• [Exercise instructions]: Retype nothing except the lines below from the one with "Tanker Truck Transportation" through the one with "Deus mudou de nome", exactly, with images left out.

• [Provided data]:
· · · ·
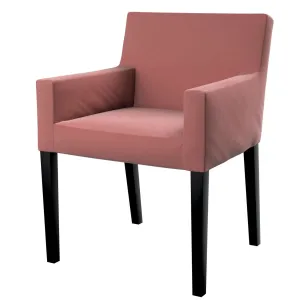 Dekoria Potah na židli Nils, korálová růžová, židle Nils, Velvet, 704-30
· · · ·
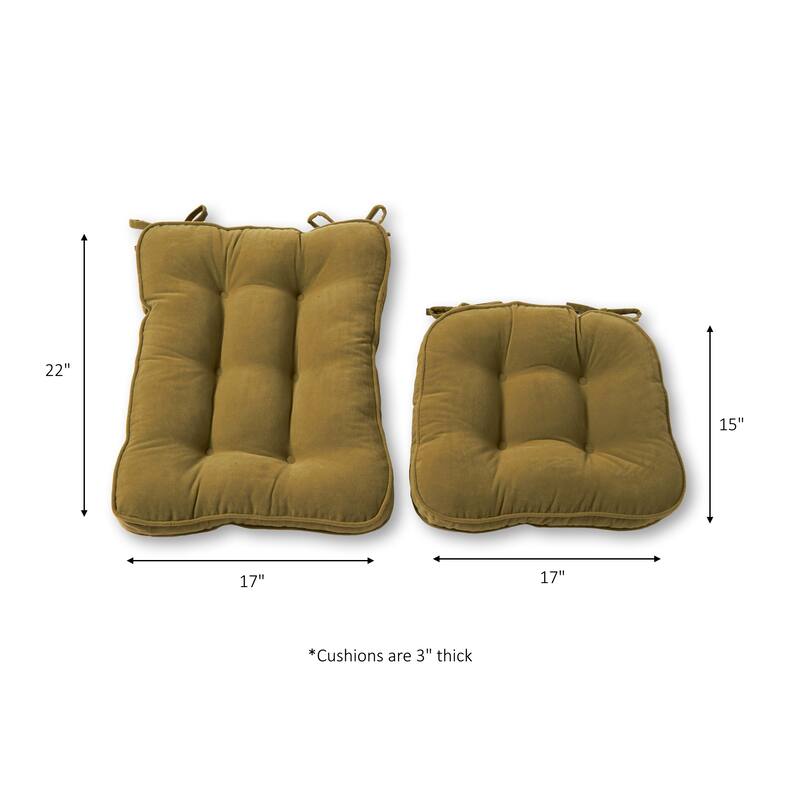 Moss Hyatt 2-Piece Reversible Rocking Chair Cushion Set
· · · ·
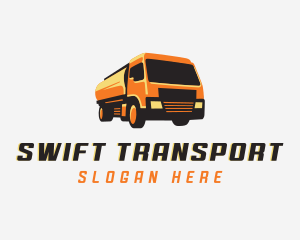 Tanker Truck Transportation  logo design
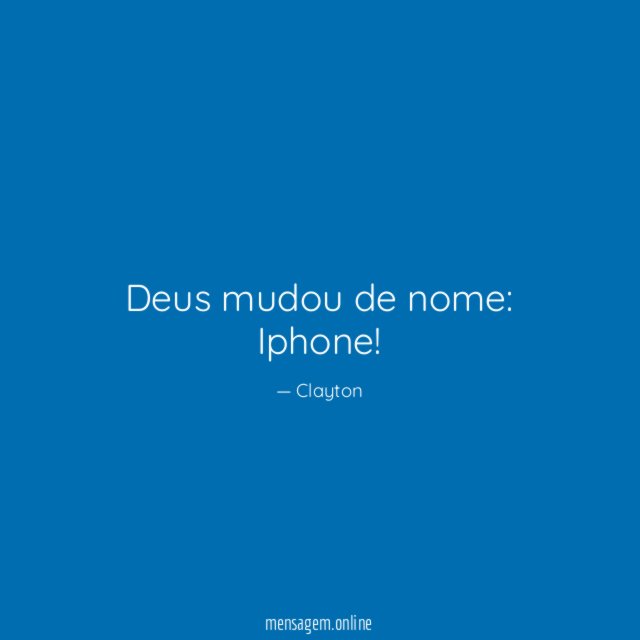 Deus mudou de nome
· · · ·
• [Output below]:
 Tanker Truck Transportation  logo design
 Deus mudou de nome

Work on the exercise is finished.